Seconda lettura: 1Timoteo 2,1-8

Figlio mio, raccomando, prima di tutto, che si facciano domande, suppliche, preghiere e ringraziamenti per tutti gli uomini, per i re e per tutti quelli che stanno al potere, perché possiamo condurre una vita calma e tranquilla, dignitosa e dedicata a Dio. Questa è cosa bella e gradita al cospetto di Dio, nostro salvatore, il quale vuole che tutti gli uomini siano salvati e giungano alla conoscenza della verità. Uno solo, infatti, è Dio e uno solo anche il mediatore fra Dio e gli uomini, l’uomo Cristo Gesù, che ha dato se stesso in riscatto per tutti. Questa testimonianza egli l’ha data nei tempi stabiliti, e di essa io sono stato fatto messaggero e apostolo – dico la verità, non mentisco –, maestro dei pagani nella fede e nella verità. Voglio dunque che in ogni luogo gli uomini preghino, alzando al cielo mani pure, senza collera e senza contese.                                                                                                        

 

v A Timoteo, nel primo capitolo di questa lettera, Paolo ricorda la particolare vigilanza verso le deviazioni nella fede, che ha motivato l’incarico affidategli di rimanere a Efeso (cf. 1Tm 1,3).

     Nel secondo capitolo passa alla parte costruttiva e gli raccomanda prima di tutto e a base di tutto la preghiera. È quanto riportato in questo brano liturgico, che si apre e si chiude con tale raccomandazione. Paolo si riferisce alla preghiera pubblica liturgica, della quale Timoteo è guida, e anche a quella privata dei fedeli, dovunque si trovino (cf. v. S). E dice come va fatta.                              

     Dev’essere universale anzitutto (v. 1), cioè esprimersi in tutte le forme sue proprie (domanda, suppliche, ringraziamenti) e a favore di tutti gli uomini. Ma in modo particolare deve riguardare i re e i governanti (v. 2), perché siano in grado di garantire il bene comune e uno sviluppo della vita sociale nella pace e nella dignità di tutti.

     Per questo, sia la preghiera sia le cose che essa domanda si ricollegano ai disegni di Dio (vv. 3-4), alla sua volontà che tutti gli uomini siano salvati e arrivino alla conoscenza della verità. Per questo ancora la preghiera va stabilita sulla mediazione dell’uomo-Dio Cristo Gesù (vv. 5-6) e più precisamente sul suo mistero di morte e resurrezione per il riscatto di tutti.

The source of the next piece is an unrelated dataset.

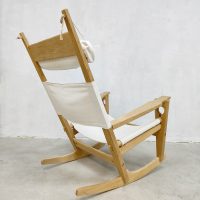 Modern Danish design rocking chair schommelstoel Hans J. Wegner Getama GE-673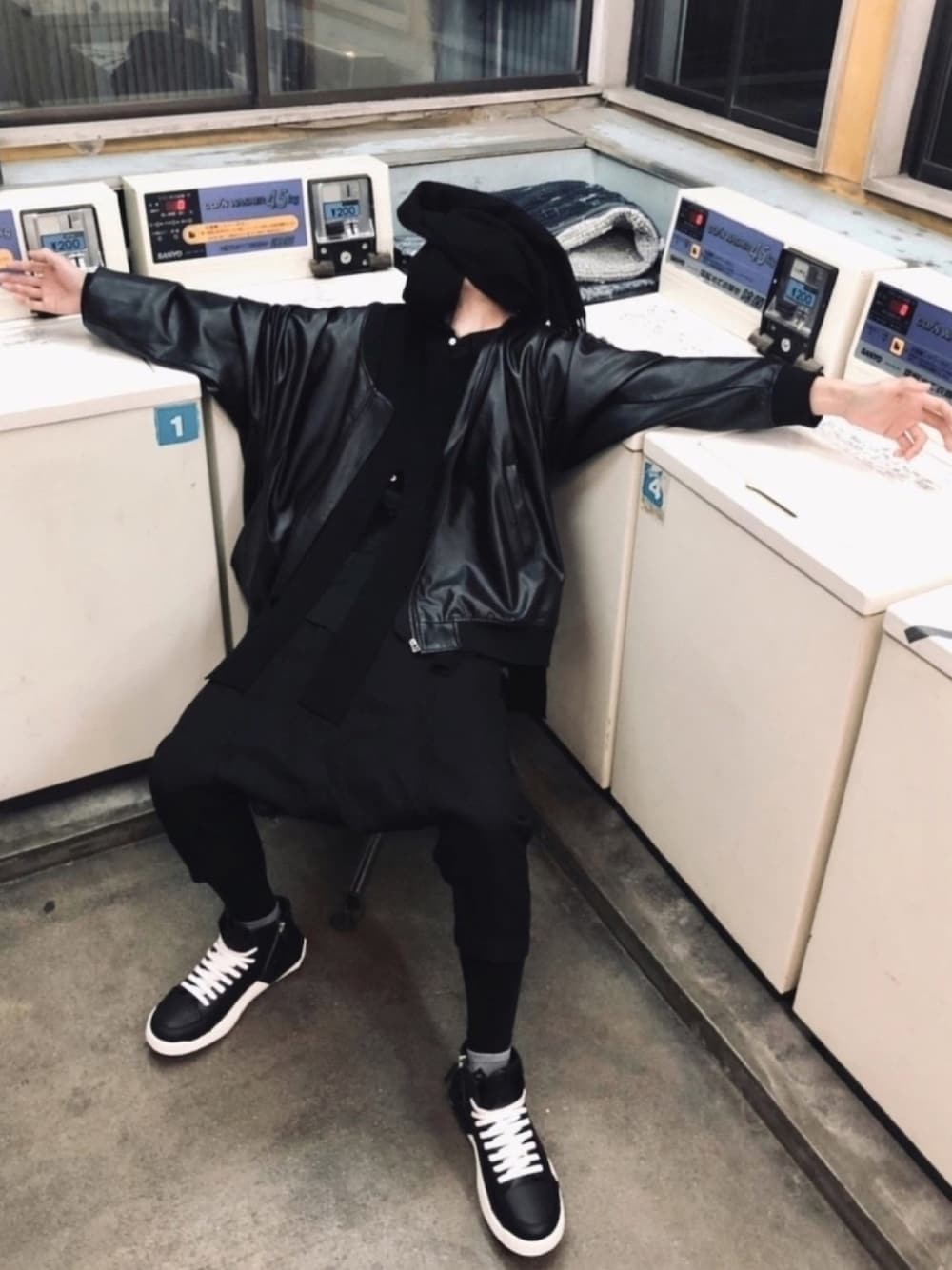MOTEASO|COMME des GARCONS HOMMEのマフラーを使ったコーディネート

     Infine Paolo richiama a incoraggiamento la propria partecipazione al mistero di Cristo (v. 7), tutta opera della grazia che lo ha trasformato da bestemmiatore e persecutore violento ad apostolo e maestro dei pagani (cf. 1Tm 1,12-14).

     Tema del brano è dunque la preghiera. Ma le dimensioni che Paolo le assegna la pongono alla radice dello sviluppo del nuovo popolo di Dio, quindi anche della giustizia dei poveri di JHWH (prima lettura) e della scaltrezza e affidabilità con le quali i figli della luce hanno da superare i figli di questo mondo (Vangelo).

 

Vangelo: Luca 16,1-13

In quel tempo, Gesù diceva ai discepoli: «Un uomo ricco aveva un amministratore, e questi fu accusato dinanzi a lui di sperperare i suoi averi. Lo chiamò e gli disse: “Che cosa sento dire di te? Rendi conto della tua amministrazione, perché non potrai più amministrare”. L’amministratore disse tra sé: “Che cosa farò, ora che il mio padrone mi toglie l’amministrazione? Zappare, non ne ho la forza; mendicare, mi vergogno. So io che cosa farò perché, quando sarò stato allontanato dall’amministrazione, ci sia qualcuno che mi accolga in casa sua”. Chiamò uno per uno i debitori del suo padrone e disse al primo: “Tu quanto devi al mio padrone?”. Quello rispose: “Cento barili d’olio”. Gli disse: “Prendi la tua ricevuta, siediti subito e scrivi cinquanta”. Poi disse a un altro: “Tu quanto devi?”. Rispose: “Cento misure di grano”. Gli disse: “Prendi la tua ricevuta e scrivi ottanta”. Il padrone lodò quell’amministratore disonesto, perché aveva agito con scaltrezza. I figli di questo mondo, infatti, verso i loro pari sono più scaltri dei figli della luce. Ebbene, io vi dico: fatevi degli amici con la ricchezza disonesta, perché, quando questa verrà a mancare, essi vi accolgano nelle dimore eterne. Chi è fedele in cose di poco conto, è fedele anche in cose importanti; e chi è disonesto in cose di poco conto, è disonesto anche in cose importanti. Se dunque non siete stati fedeli nella ricchezza disonesta, chi vi affiderà quella vera? E se non siete stati fedeli nella ricchezza altrui, chi vi darà la vostra? Nessun servitore può servire due padroni, perché o odierà l’uno e amerà l’altro, oppure si affezionerà all’uno e disprezzerà l’altro. Non potete servire Dio e la ricchezza».

 

Esegesi 

     Abbiamo qui uno degli insegnamenti di Gesù, che Luca riunisce nei lunghi capitoli dedicati al ministero itinerante dalla Galilea alla Giudea (Lc 9,51-19,27), da lui presentato, più che come un viaggio geografico, come un itinerario formativo dei discepoli, dopo che lo hanno riconosciuto come il Cristo, perché sappiamo seguirlo fino alla croce. L’insegnamento riguarda il buon uso delle ricchezze materiali e si sviluppa in due momenti: prima un racconto-parabola (vv. 1-8) e poi una serie di massime (vv. 9-73).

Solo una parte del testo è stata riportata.